Один случай еще больше встревожил нас. «Игры» предполагалось показать в тот же день, что и торжественное открытие Театра на Елисейских Полях. За неделю до этого дня на крыше еще велись работы. Чтобы залезть на нее, рабочие вынуждены были проходить через зал, где мы репетировали, и это выводило Вацлава из себя. Однажды он стал выталкивать одного кровельщика взашей и орать, что если тот еще раз посмеет ему помешать, он его убьет. С этими словами он схватился за стул и принялся размахивать им, готовый швырнуть прямо в лицо бедняге. Мы с Людмилой рванулись к Вацлаву и не без труда вырвали у него стул.
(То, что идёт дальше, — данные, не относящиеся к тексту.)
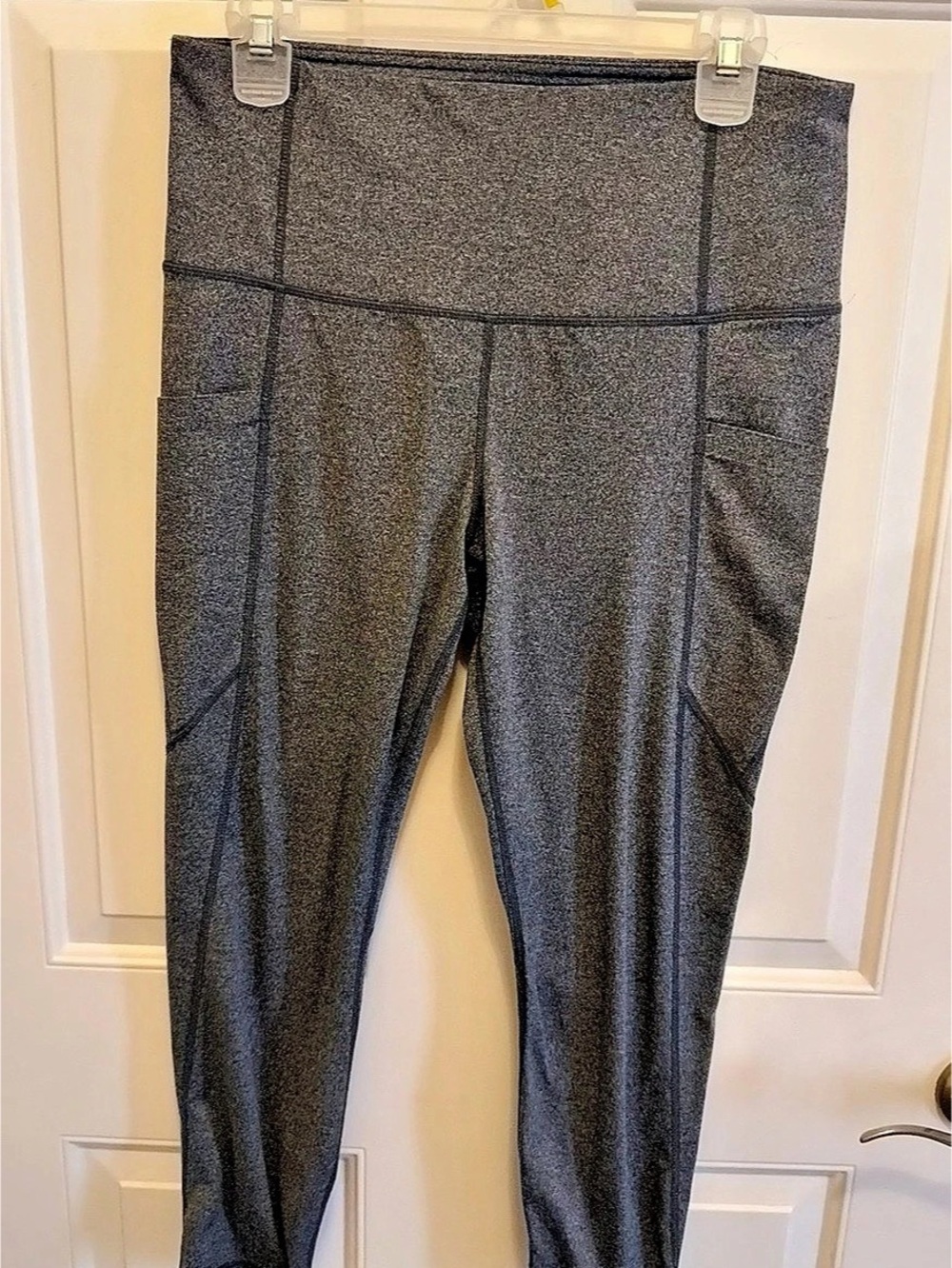 Mondetta Women's Gray Leggings Size XL Like New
Вот я пишу об этом, а память подсказывает мне: возможно, это были первые признаки безумия у Нижинского. Поскольку Ида Рубинштейн отказалась от роли главной нимфы в «Послеполуденном отдыхе фавна», Вацлав сразу же заменил ее своей сестрой Брониславой. А едва услышав от ее мужа, что об этом и речи быть не может, – Броня, как мы все ее называли, была беременна, – впал в неистовую ярость. С тех самых пор ненависть Нижинского к своему шурину стала безграничной – ненависть жгучая и упорная, которой ее адресат ни в коей мере не заслуживал.
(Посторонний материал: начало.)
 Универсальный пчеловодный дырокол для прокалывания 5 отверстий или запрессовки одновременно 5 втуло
Есть еще один артист, масштаба ничуть не меньшего, тоже заметивший первые признаки сумасшествия у Нижинского, – это Чарльз Чаплин. Одногодки, – один появился на свет месяцем позже другого, – они были просто обречены встретиться, и они действительно встретились во время турне «Русских балетов» в Соединенных Штатах в 1916 году. Есть фотоснимок, на котором оба стоят рядом, улыбаясь, и Вацлав обнимает Чарли за плечо.
Перед началом спектакля Нижинский предложил Чаплину забежать к нему в антракте в гримерку. Чаплин пришел, оба дружески болтали. Время шло, объявили начало второго акта, но Нижинский продолжал беседу как ни в чем не бывало, заставляя публику ждать. Он просто не желал вернуться на сцену или это был приступ потери памяти? Позже Чаплин истолковал такое поведение как предвестие недуга.
«Я объездил весь мир, и в нем мало гениев, – напишет Чаплин в мемуарах («Моя биография»), – Нижинский был одним из таковых. Он оказывал на публику действие почти гипнотическое, он выглядел как бог… Каждый жест его был полон поэзии, любой прыжок выглядел как полет к какой-то странной фантазии… Через полгода после нашей встречи Нижинский потерял рассудок».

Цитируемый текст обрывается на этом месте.